@Sterling Hiebert I have no idea why they wouldn’t show the contributions. As @Colleen F. mentioned, it would be best to call TD Ameritrade and ask them how much you contributed for each year. I would then explain to them what happened and have them help you recharacterize your contributions to IRA contributions.
The process for calculating earnings is laid out in IRS Publication 590a under Recharacterizations. https://www.irs.gov/publications/p590a#en_US_2019_publink1000230678
If you were making monthly contributions…you should technically do this calculation for each contribution.
There’s no tax and no penalty if you do this before you file your taxes. (other than the tax on earnings)

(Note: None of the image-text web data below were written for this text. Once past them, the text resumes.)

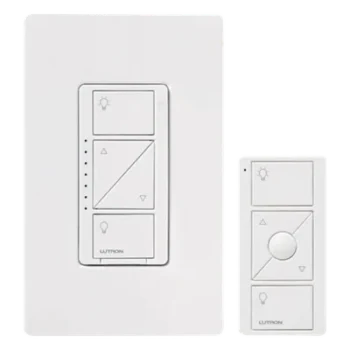Kit Atenuador de Pared Inteligente / Sin Cable Neutro / 600 W Incandescente / 150 W LED / Control Remoto Pico / Alcance 9 m (29.5 ft)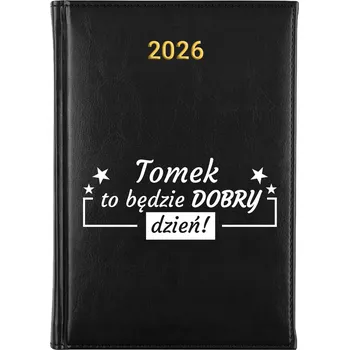 Kalendář Knižkový kalendář 2026 A5 černý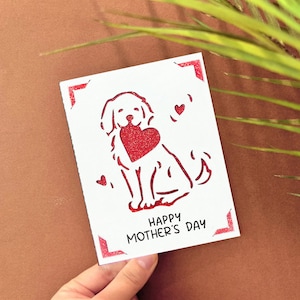 Tarjeta del día de las madres Golden Retriever svg, tarjeta de mamá perro svg, día de las madres del perro cricut joy, Archivos para Cricut, Descarga digital instantánea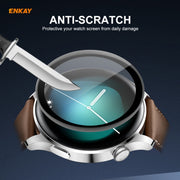 1 PC For Huawei WATCH 3 46mm ENKAY Hat-Prince 3D Full Coverage Soft PC Edge + PMMA HD Screen Protector Film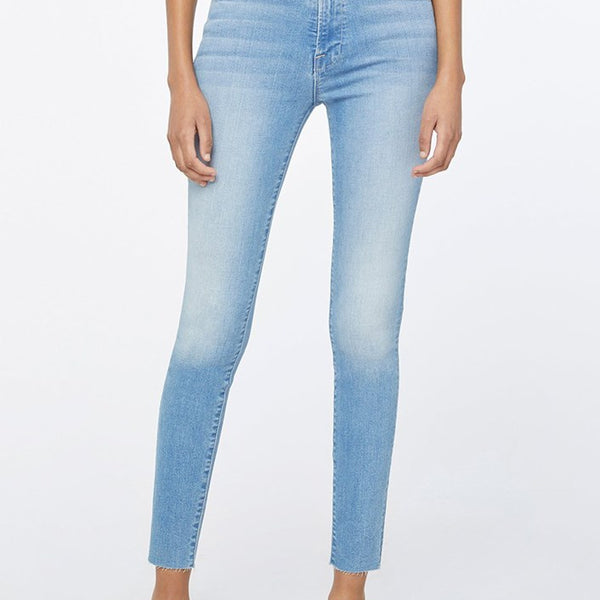 Frame le high skinny raw edge jeans clearance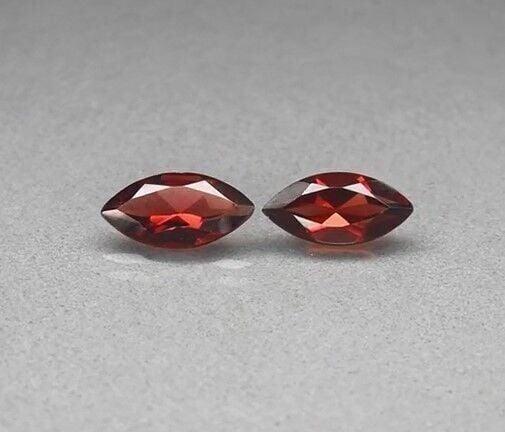 3.86ct t.w Pair 2pcs Marquise Natural Purplish Pink Rhodolite Garnet, Africa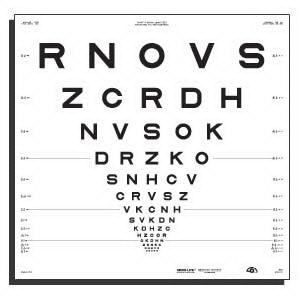 Good-Lite Eye Chart Good-Lite® 13 Foot Distance Acuity Test - Each - 500018-EA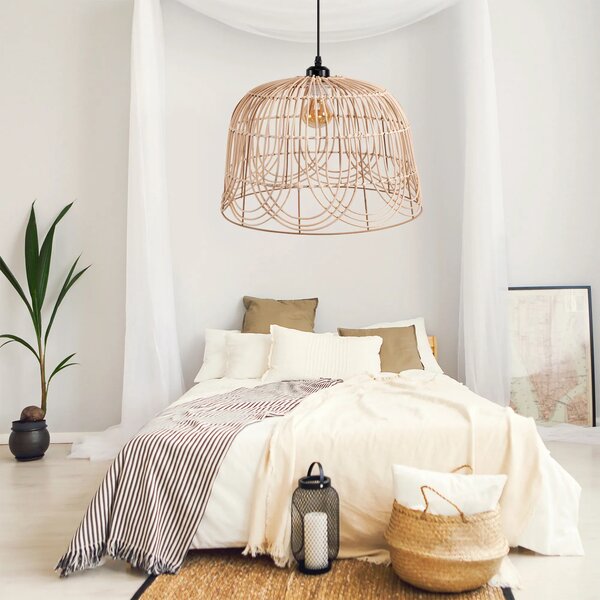 NATURAL BOHO ΚΡΕΜΑΣΤΟ ΦΩΤΙΣΤΙΚΟ ΟΡΟΦΗΣ APP1351-1CP 30 cm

Good idea. I don't see why this couldn't be converted to a Roth via the Back-Door Contribution. Make sure that you don't have any other IRA money in existence, or it will be a taxable conversion. Make sure you follow the rules. :-) There's no reason to set up a separate Roth to do a backdoor Roth contribution though, you can just convert it to your Roth as usual.
I wouldn’t think you would run into any fees with this. I like Fidelity.
Final Note: This is a super complicated set of transactions so don’t feel bad if it gets messed up. And do not be surprised if you get a letter from the IRS in a year or so. It’s not a huge deal, just make sure you are following the rules and give them the additional information they need or correct anything that needs correcting. Feel free to reach out if you have any questions.
P.S. This is just a forum post, not tax, legal, or financial advice. You're not my client, and its not my fault if you screw it up, lol.